# Matrix solving

#### switchfoot

Joined May 14, 2005
9
Hi,

Can anyone solve this equation for G?

2(H^T) - (G^T) (H^T) H - G (H^T) H + 2 sigma^2 G =0

where H and G are square matrices,
sigma is a scalar and
T means transpose

Cheers.

#### MEGA_AMPERE

Joined Jan 14, 2006
18
naaa
what is this means ^

#### lex_ph

Joined Jan 15, 2006
5
I think that "^" thing represents "raised to". I that case H raised to T and so on.

#### CoulombMagician

Joined Jan 10, 2006
37
T means transpose, flip the matrix around it's diagonal so that the i,j and j,i elements are interchanged.

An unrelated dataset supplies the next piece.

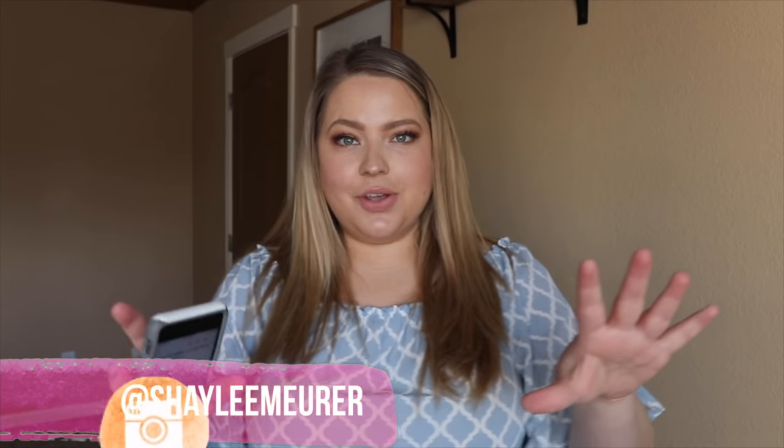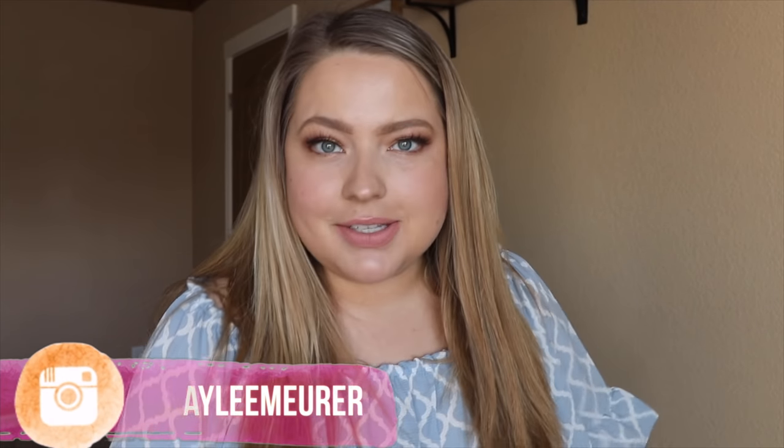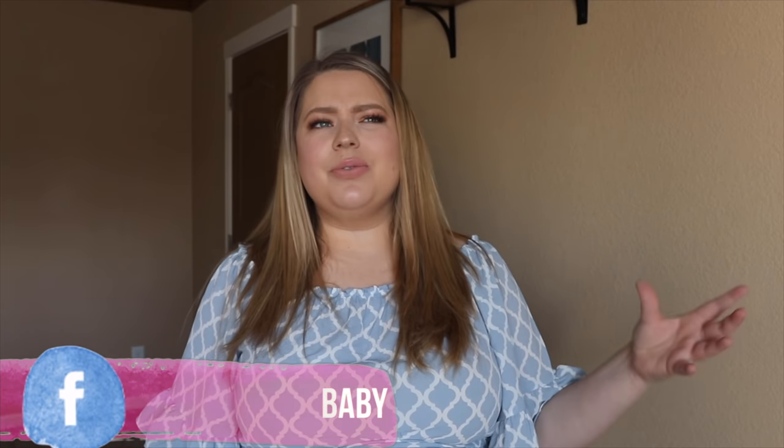Hi guys, welcome back to my channel. How are you all doing? How's your week going? I just totally moved my whole camera — I don't know if you guys saw that — but today we're going to try on from a new company. This is one I don't think I've tried on before on my channel. We're trying a new company out today. They are called Rose Gal and they are sponsoring this video, so thank you.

A matrix M for which m(i,j) = m(j,i) is said to be symmetric and M^T = M

if m(i,j) = -m(j,i) it is called antisymmetric and M^T = -M

Any square matrix G can be written as the sum of a symmetric and an antisymmetric matrix G = Gs + Ga just define Gs = (1/2)*(G + G^T)
and Ga = (1/2)(G - G^T).

Obviously ((A^T)^T) = A

Another property is (AB)^T = (B^T)(A^T) so (A^T)A = A(A^T).
If A,B are symmetric then (AB)^T = BA

I'm still trying to crack this nut 5 minutes at a time.

#### The Skeptic

Joined Dec 27, 2005
61
Originally posted by switchfoot@Jan 13 2006, 02:54 AM
Hi,

Can anyone solve this equation for G?

2(H^T) - (G^T) (H^T) H - G (H^T) H + 2 sigma^2 G =0

where H and G are square matrices,
sigma is a scalar and
T means transpose

Cheers.
[post=13095]Quoted post[/post]​
Are you sure nothing else is known about G or H, such s their being symmetrical or something else? Here is the beggining of it. Please forget the last line, I couldn't erase it.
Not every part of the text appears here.